### [DIRECTIONS FOR THIS TASK]
Leaving the pictures aside, repeat each line below exactly.

[Items from a data source]
=======

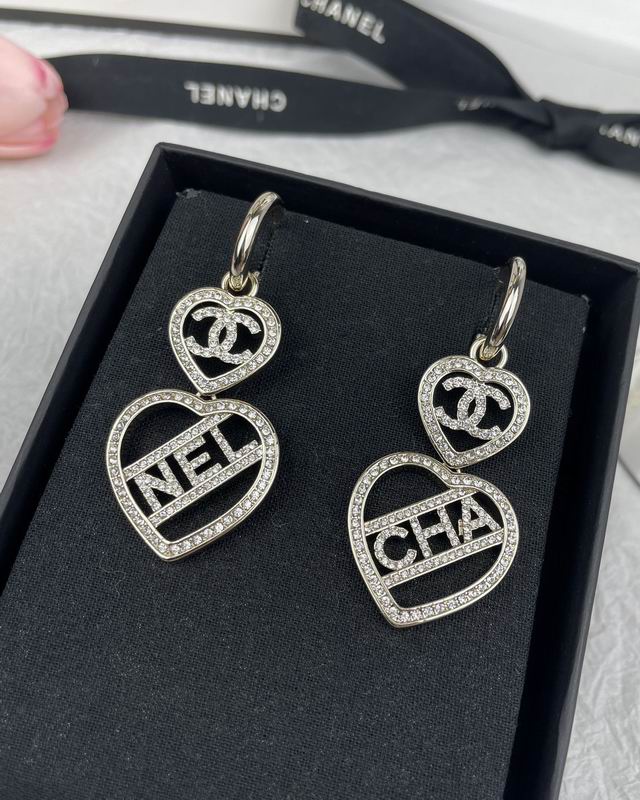 CHANEL Earring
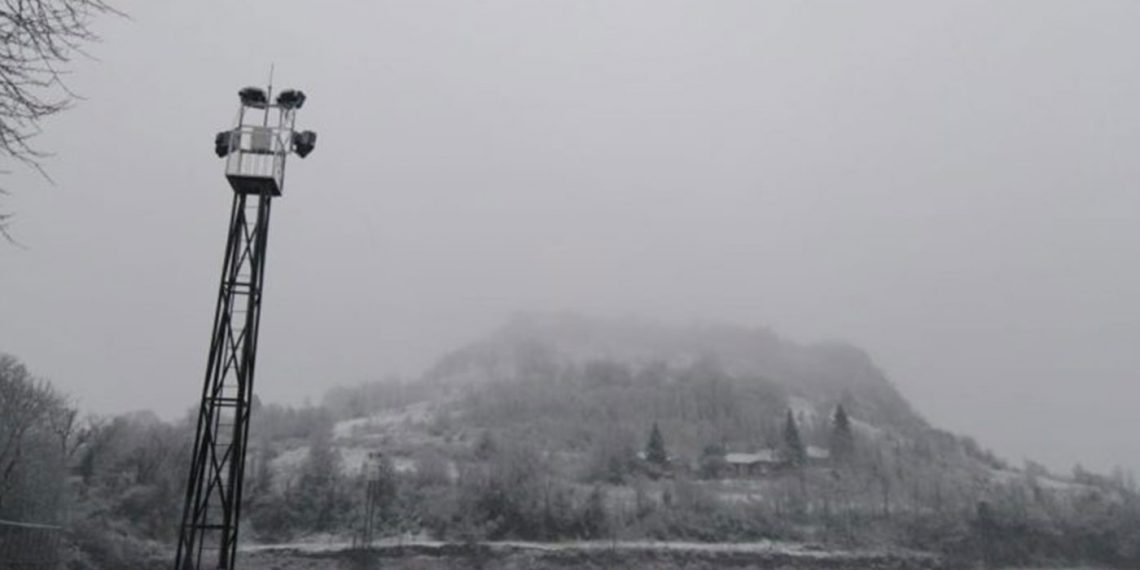 Ξεκίνησε η χιονόπτωση στο Νεστόριο – Φωτογραφίες & βίντεο
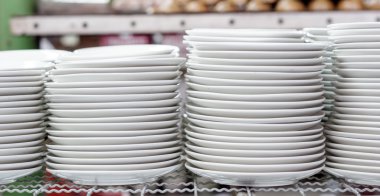 depoda beyaz tabak yığınları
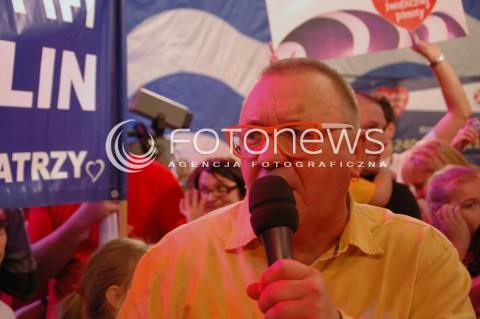  12.01.2014 WARSZAWA<br />
22. FINAL WIELKIEJ ORKIESTRY SWIATECZNEJ POMOCY<br />
N/Z JUREK OWSIAK<br />
 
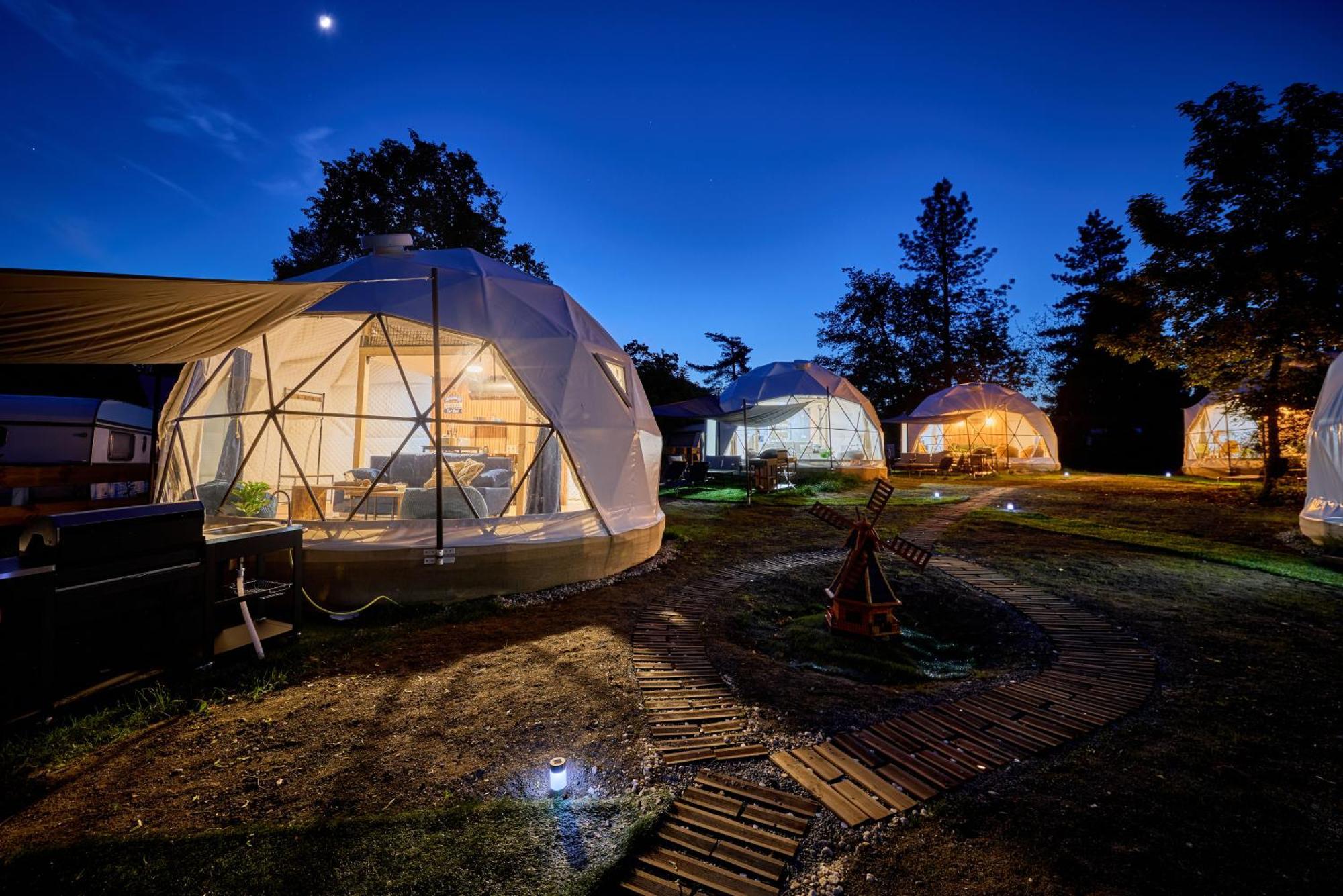 Glamping Slapy Hotel Buitenkant foto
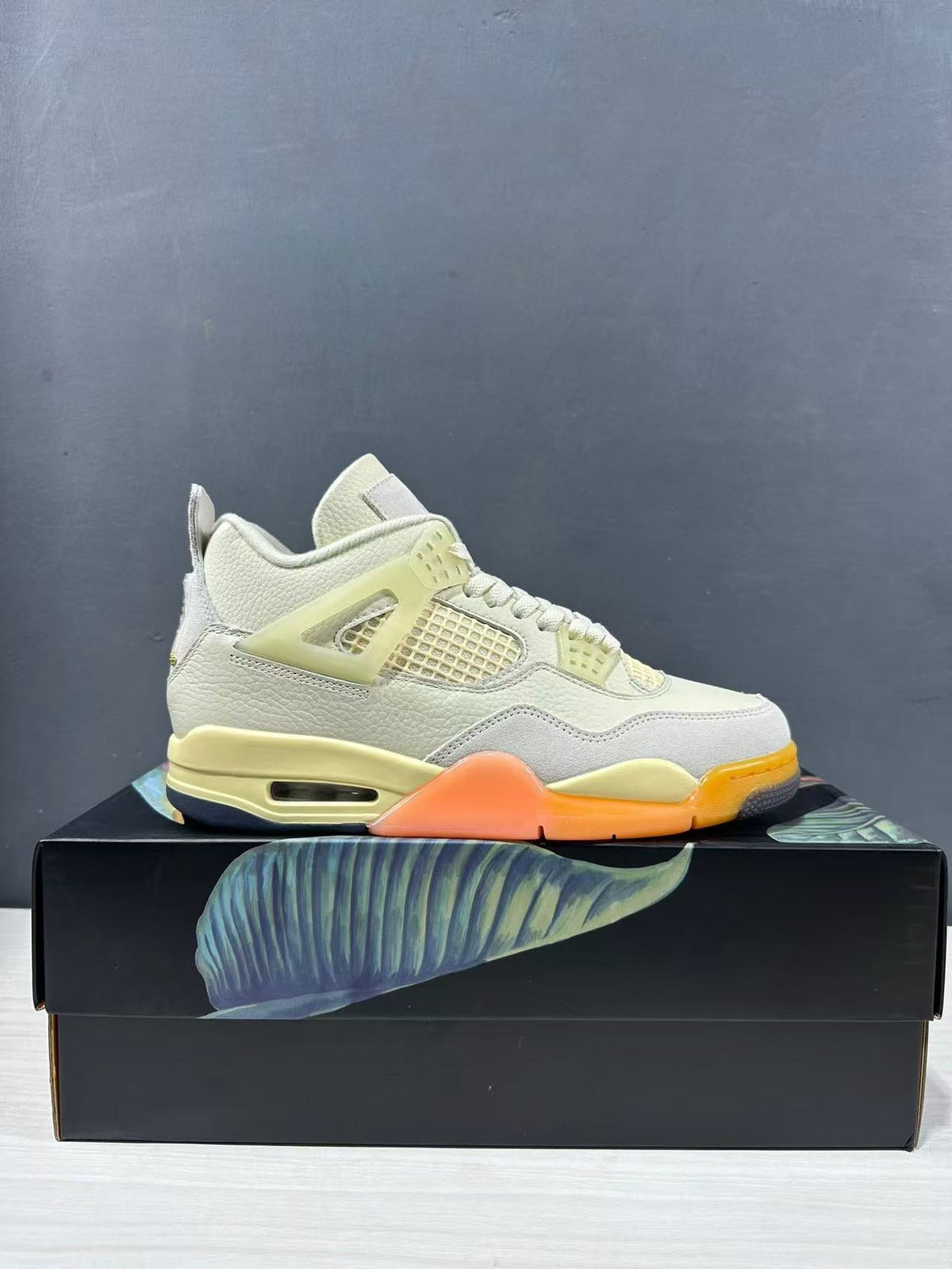Jordan Air Jordan 4 Birds of Paradise Beige HV0823-101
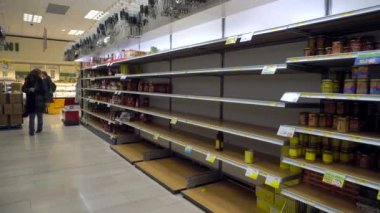 Milan İtalya 29 Şubat 2020: Marketlerde boş raflar. İtalya 'daki Çin Covid19 virüs koronası paniği. İnsanlar bütün eti ve makarnayı satın aldı. Milano 'da karantina. Salgın hastalık. Panik
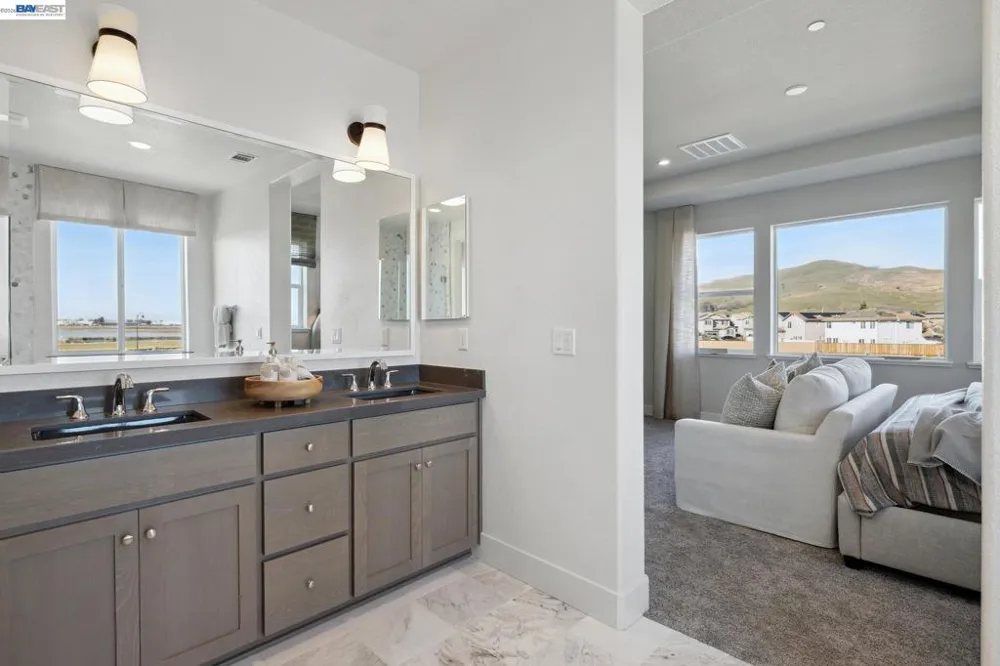 300 Colfax Ln Oakley, CA 94561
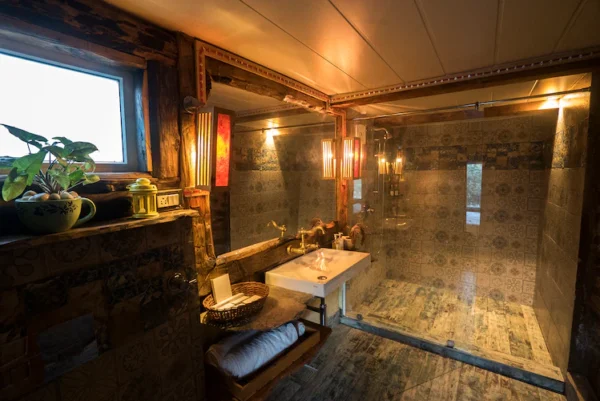 Ratnari Log Cabin - Image 7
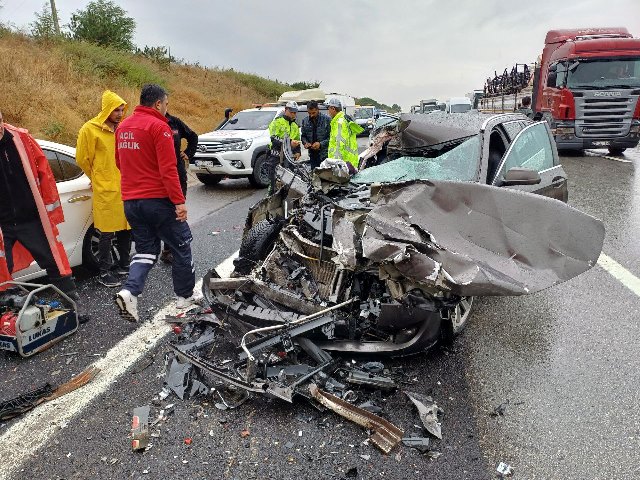 Bolu'da zincirleme trafik kazasında 4 kişi yaralandı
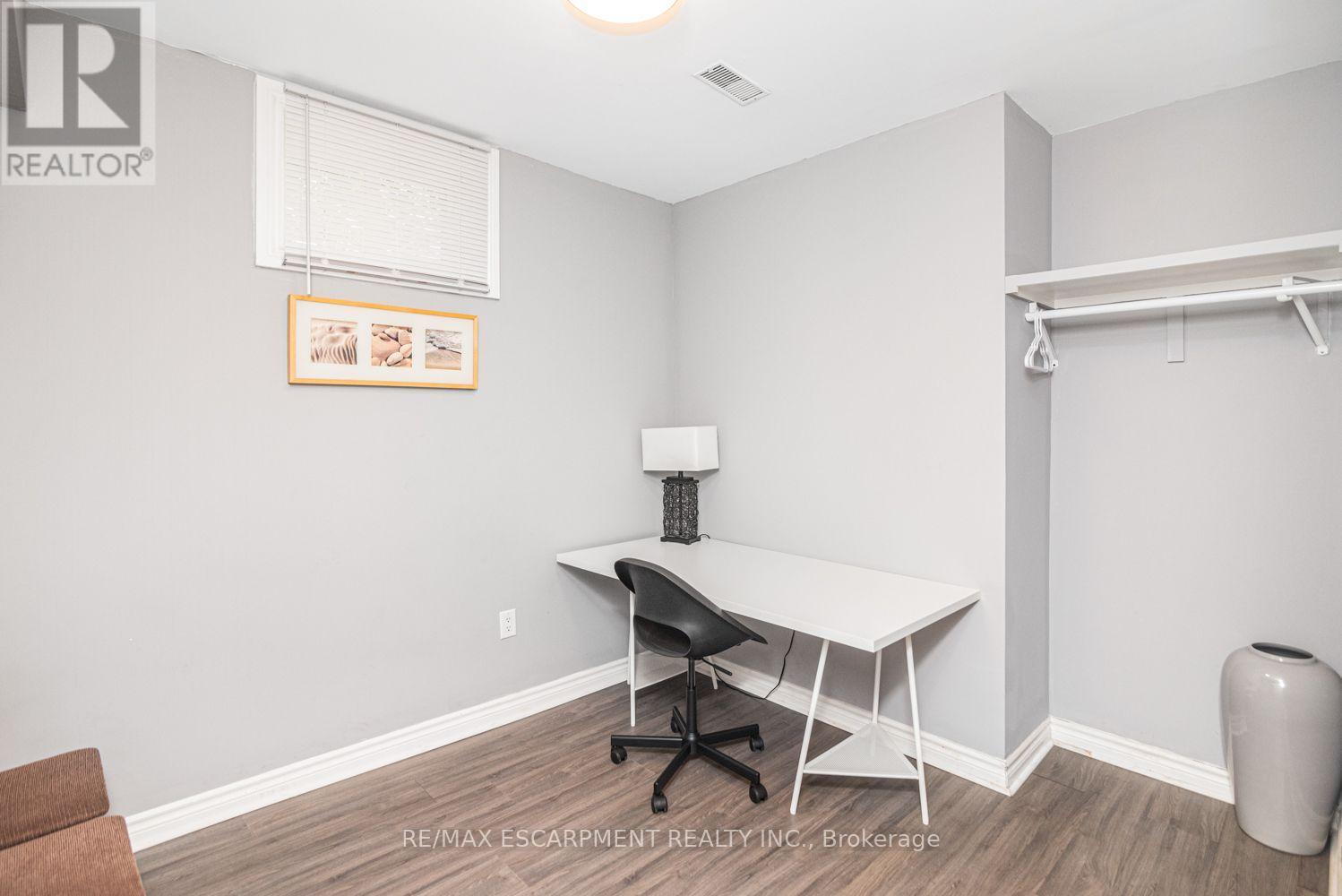 B - 70 Palace Street, Brantford, Ontario  N3T 3X1 - Photo 5 - X14100560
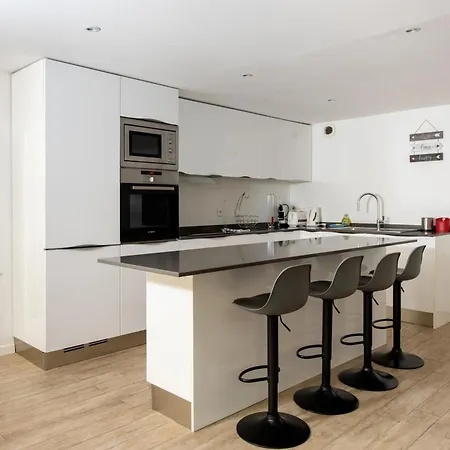 Modern House In The Center Of Sur Casa vacanze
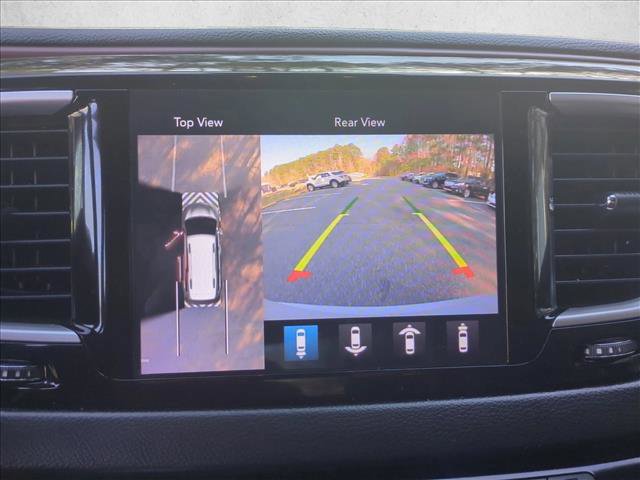 Used 2020 Chrysler Pacifica Touring-L image 14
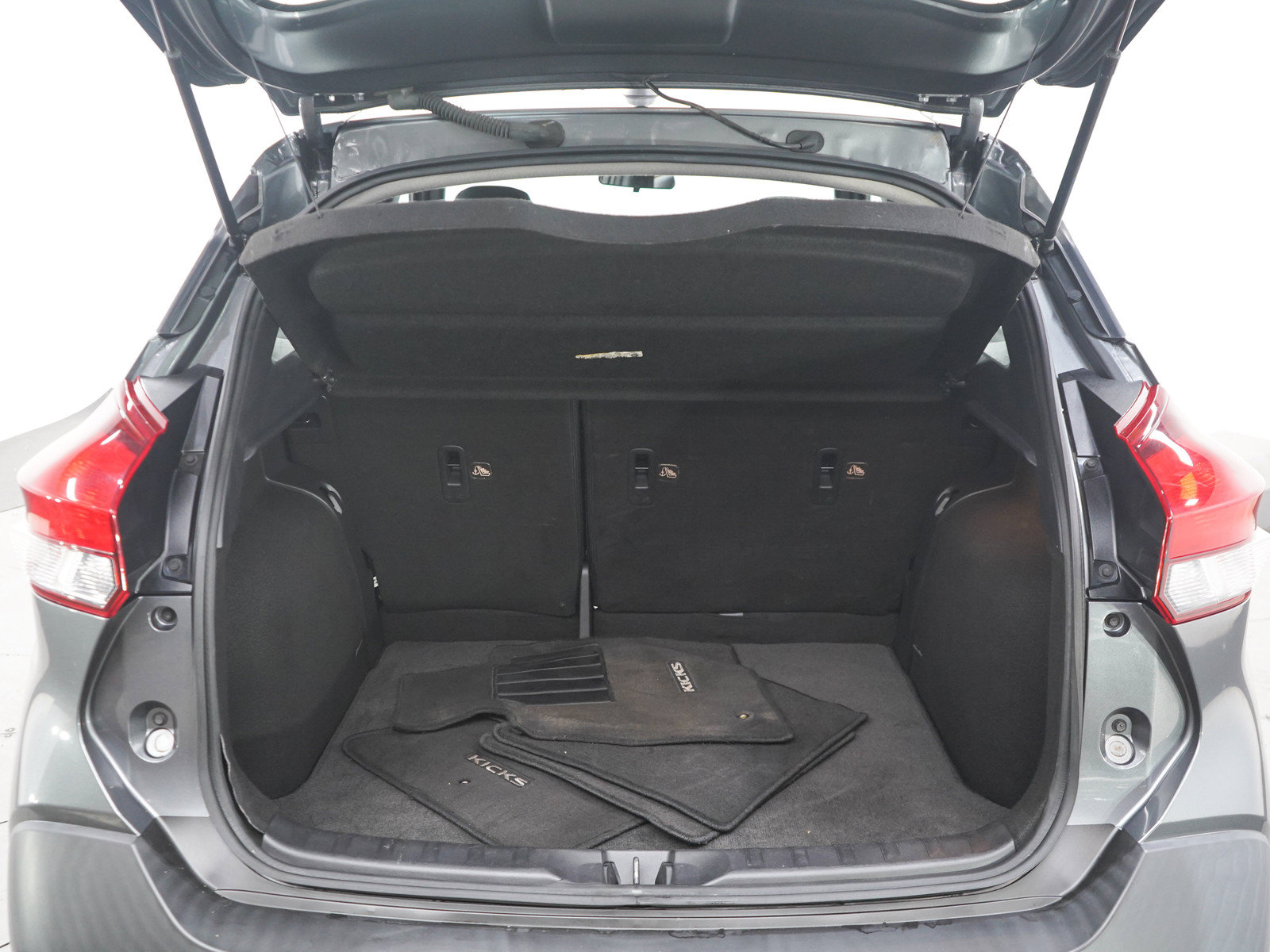 Used 2019 Nissan Kicks SV FWD image 16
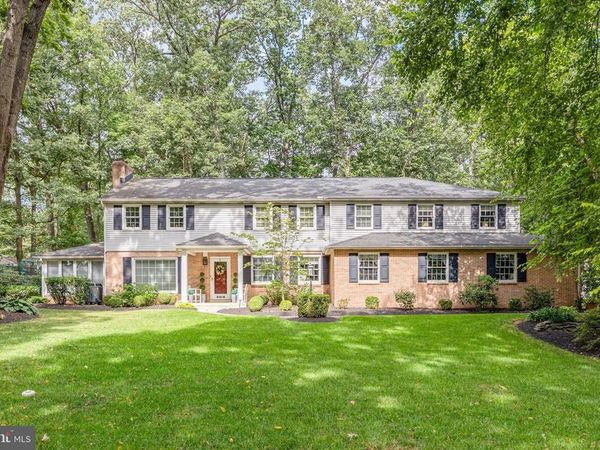 5016 WOODBOX LANE, MECHANICSBURG, PA 17055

=======

### [REPLY TO THE TASK]
 CHANEL Earring
 Ξεκίνησε η χιονόπτωση στο Νεστόριο – Φωτογραφίες & βίντεο
 depoda beyaz tabak yığınları
  12.01.2014 WARSZAWA<br />
22. FINAL WIELKIEJ ORKIESTRY SWIATECZNEJ POMOCY<br />
N/Z JUREK OWSIAK<br />
 
 Glamping Slapy Hotel Buitenkant foto
Jordan Air Jordan 4 Birds of Paradise Beige HV0823-101
 Milan İtalya 29 Şubat 2020: Marketlerde boş raflar. İtalya 'daki Çin Covid19 virüs koronası paniği. İnsanlar bütün eti ve makarnayı satın aldı. Milano 'da karantina. Salgın hastalık. Panik
 300 Colfax Ln Oakley, CA 94561
 Ratnari Log Cabin - Image 7
 Bolu'da zincirleme trafik kazasında 4 kişi yaralandı
 B - 70 Palace Street, Brantford, Ontario  N3T 3X1 - Photo 5 - X14100560
 Modern House In The Center Of Sur Casa vacanze
 Used 2020 Chrysler Pacifica Touring-L image 14
 Used 2019 Nissan Kicks SV FWD image 16
 5016 WOODBOX LANE, MECHANICSBURG, PA 17055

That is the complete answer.